[lbo-talk] Petrostate and labour (China)

Tom Walker timework at telus.net
Thu Apr 14 18:32:48 PDT 2005


Doug wrote,


>Tom Walker wrote:


>>/It was about you being right because I made some kind of mistake.
/
>Not really, though I suspect you'll accuse me of compounding the
>offense by denying it.

Me: Not at all, I take your word for it.

Doug wrote,


>I think it's pretty big news that China is
>more energy-efficient than the US. Most Americans wouldn't believe it.

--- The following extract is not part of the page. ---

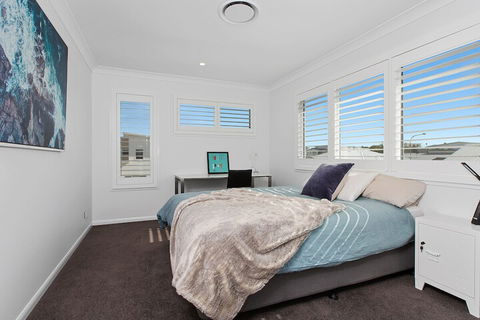 Elegant Beach House On Nautilus - Port Augusta Accommodation 6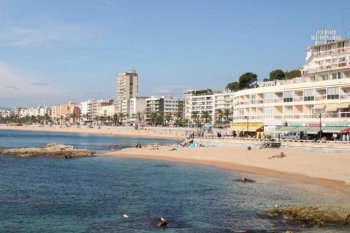 The operating hotel 3 * in Lloret-de-Mar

>And I think PPPs are the right exchange rate to use, since we're
>talking use value, not exchange value, and the market yuan-dollar
>rate is ridiculous.

You'll have to walk me through that last one, Doug. What the discrepency suggests to me is that a given physical item may be manufactured more efficiently in China (PPP) but the physical volume of exports to the US is still far in excess of what it would be if they were priced, say, at some hypothetical PPP-based exchange rate. The discrepency between the World Bank chart and the EIA spreadsheet suggests a discrepency somewhere in the neighbourhood of 300% (although that may be a statistical distortion). That's big. So here we have perhaps an instance of the Jevons paradox corollary where Chinese energy efficiency (in PPP terms), paired with its ridiculous exchange rate (at "market" rates) leads to higher total energy consumption or at least to a huge off-the-books subsidy to indirect energy consumption in the US.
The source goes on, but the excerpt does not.